Em muitos terreiros de candomblé, a festa é dedicada também a Erês, entidades infantis que representam alegria e inocência, reforçando a centralidade das crianças no dia.

O doce que leva o nome da brincadeira
Na Bahia, “quebra-pote” não é só diversão. Também batiza um doce crocante de amendoim e açúcar, presença certa nas cestas distribuídas no dia 27. Assim, o termo se desdobra em duas experiências que encantam os pequenos: a guloseima que estala a cada mordida e a disputa animada para romper o pote suspenso, liberando balas, brinquedos e moedas.
Entenda a brincadeira:
As crianças se juntam, cada uma com seu bastão, e a rua inteira participa da torcida. Quando o pote quebra, é uma explosão de gritos e correria.

Festa para os pequenos, força da comunidade
Famílias, vizinhos e terreiros organizam verdadeiros mutirões para preparar mesas de caruru, vatapá, pipoca e os tradicionais saquinhos de doces.
A entrega gratuita é promessa cumprida por graças recebidas, mas também ato de solidariedade: em muitos bairros, a celebração se transforma em ação social, com doação de alimentos, brinquedos e roupas.
O caruru é mais do que comida, é partilha. Cada ingrediente tem um significado de proteção e prosperidade.
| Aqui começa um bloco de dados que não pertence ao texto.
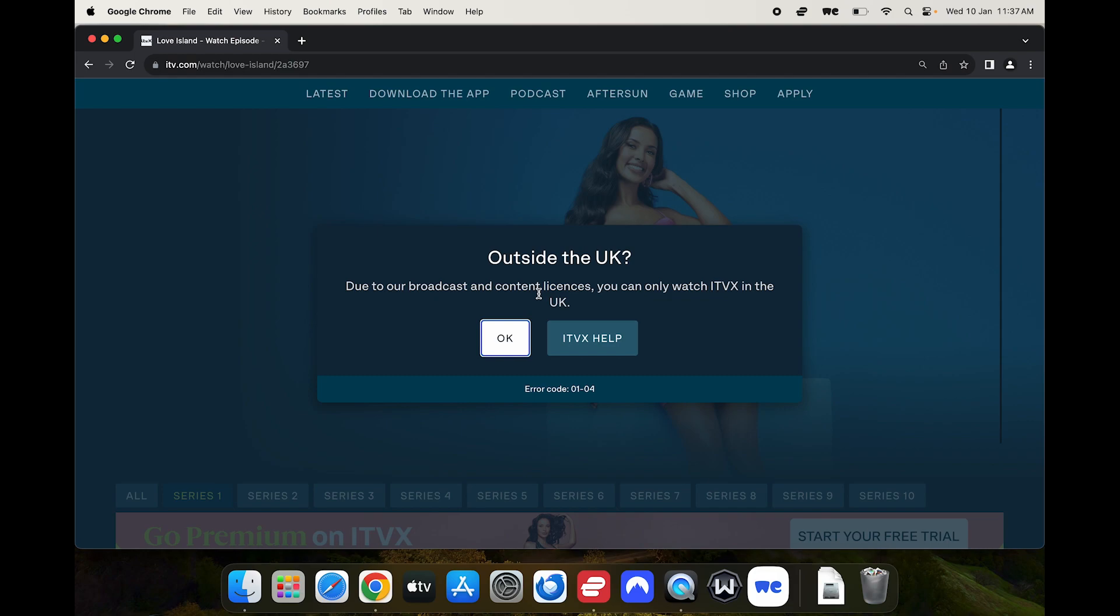So to change that basically you need to make ITVX think you're accessing its content from within the UK. Now the reason I'm coming across this error is because ITVX is scanning my IP address which is a bit of code used when you go online. The problem being it shows your physical location. For example I'm in New Zealand, my IP address shows that I'm in New Zealand. So to change that I use a VPN.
Em algumas casas, a festa dura o dia inteiro, começando com rezas e cânticos e terminando com música, rodas de samba e, claro, o esperado quebra-pote.
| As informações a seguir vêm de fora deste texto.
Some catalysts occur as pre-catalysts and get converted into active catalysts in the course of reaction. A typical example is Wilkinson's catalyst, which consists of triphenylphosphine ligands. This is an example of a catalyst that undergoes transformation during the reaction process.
Patrimônio imaterial e resistência cultural
Em 2024, o caruru de Cosme e Damião foi reconhecido como patrimônio imaterial da Bahia, reforçando a importância da festa para a identidade do estado.
O título chega em um momento em que a tradição enfrenta desafios: a intolerância religiosa ainda atinge praticantes de religiões afro-brasileiras, e a comercialização crescente pode esvaziar o sentido comunitário da celebração.
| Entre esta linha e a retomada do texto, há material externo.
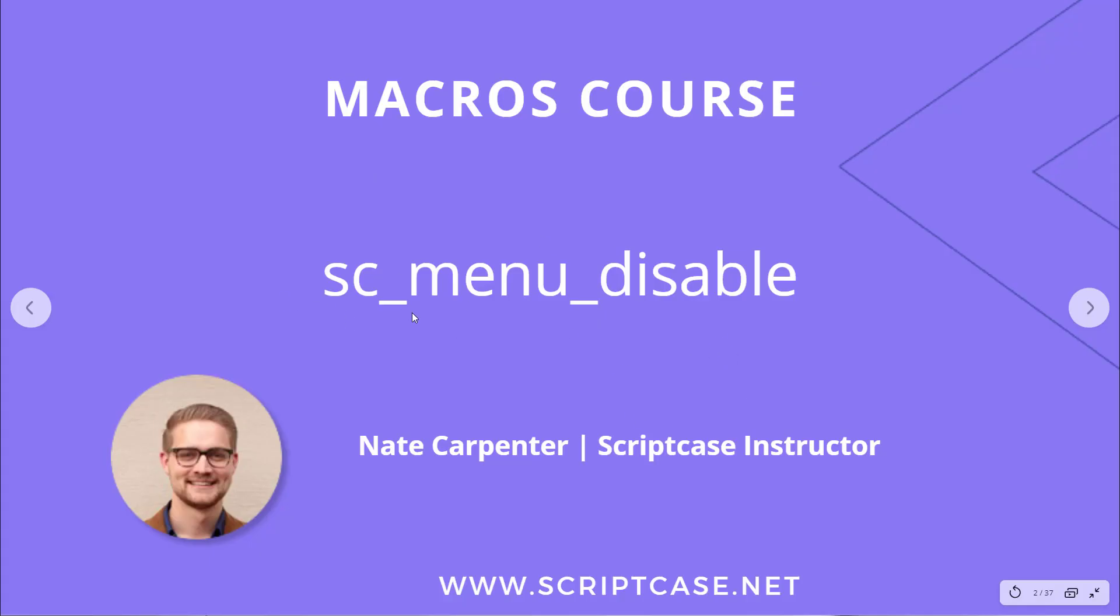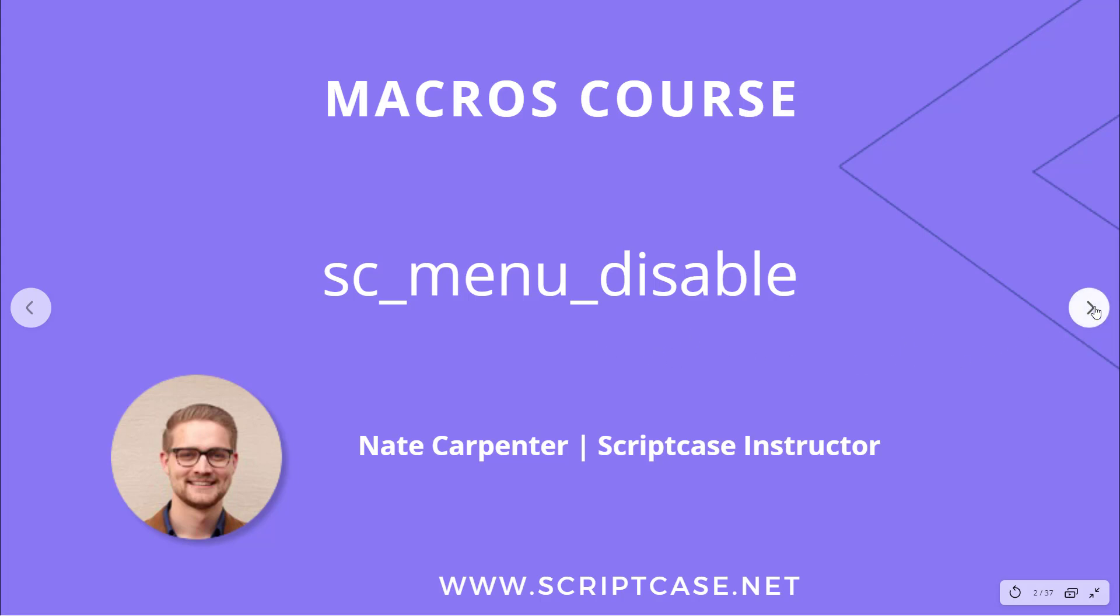Hey everyone, welcome back to the Scriptcase macros course. This video is going to look at the sc_menu_disable macro. My name is Nate Carpenter and I'm the Scriptcase instructor leading this course. Let's go ahead and get started and look at what this macro does.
Mesmo assim, o brilho da festa resiste.

De ontem a amanhã
De Salvador ao Recôncavo, do Sertão ao Litoral Norte, o Dia de Cosme e Damião segue unindo gerações. Nas portas das casas, crianças com sacolinhas coloridas esperam doces; nos terreiros, tambores chamam para a roda; nas ruas, o pote suspenso desafia mãos ansiosas.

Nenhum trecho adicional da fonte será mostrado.